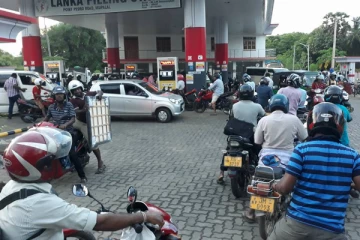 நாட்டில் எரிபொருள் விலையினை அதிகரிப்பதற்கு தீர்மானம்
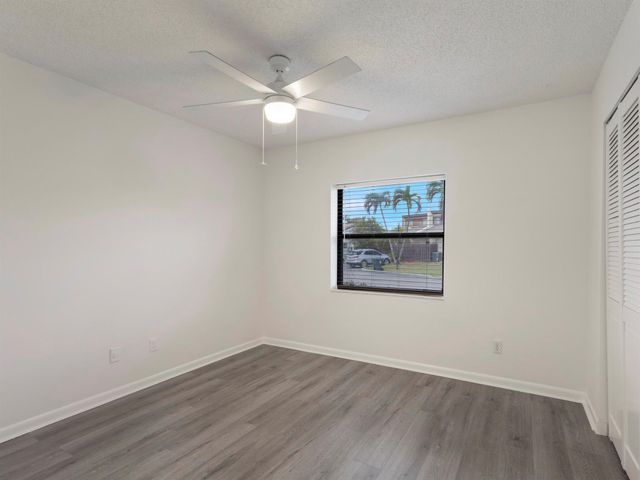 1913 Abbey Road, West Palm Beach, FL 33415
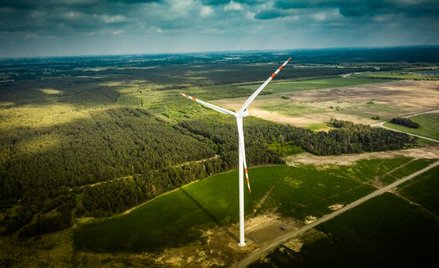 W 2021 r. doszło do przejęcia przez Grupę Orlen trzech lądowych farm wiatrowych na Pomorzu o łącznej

· · ·

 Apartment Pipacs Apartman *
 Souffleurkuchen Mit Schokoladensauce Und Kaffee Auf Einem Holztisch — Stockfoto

· · ·

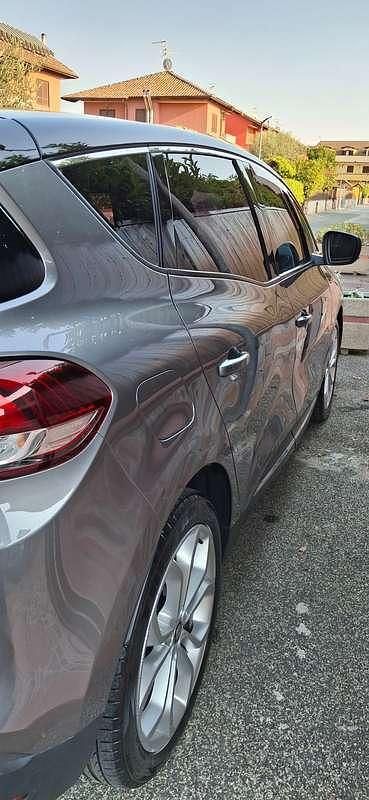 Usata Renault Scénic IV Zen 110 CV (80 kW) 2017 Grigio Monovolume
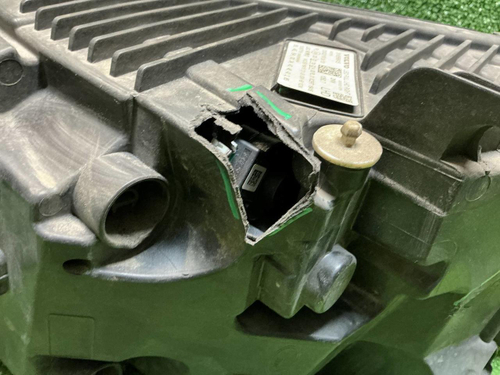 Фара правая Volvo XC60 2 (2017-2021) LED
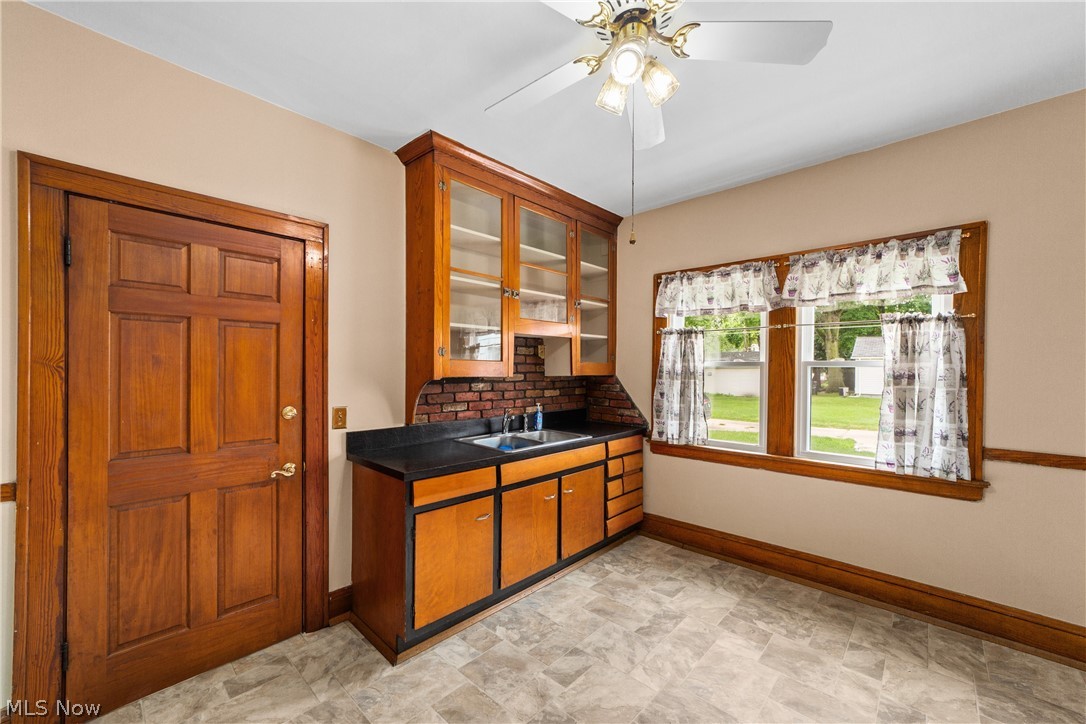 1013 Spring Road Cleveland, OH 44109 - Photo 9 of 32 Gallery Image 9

· · ·

- **What you have to do**:
Given the records above, return the lines starting at the one that holds "Usata Renault Scénic" and ending at the one that holds "1013 Spring Road", exactly, and nothing besides; leave every picture out.

- **The completed task**:
 Usata Renault Scénic IV Zen 110 CV (80 kW) 2017 Grigio Monovolume
 Фара правая Volvo XC60 2 (2017-2021) LED
 1013 Spring Road Cleveland, OH 44109 - Photo 9 of 32 Gallery Image 9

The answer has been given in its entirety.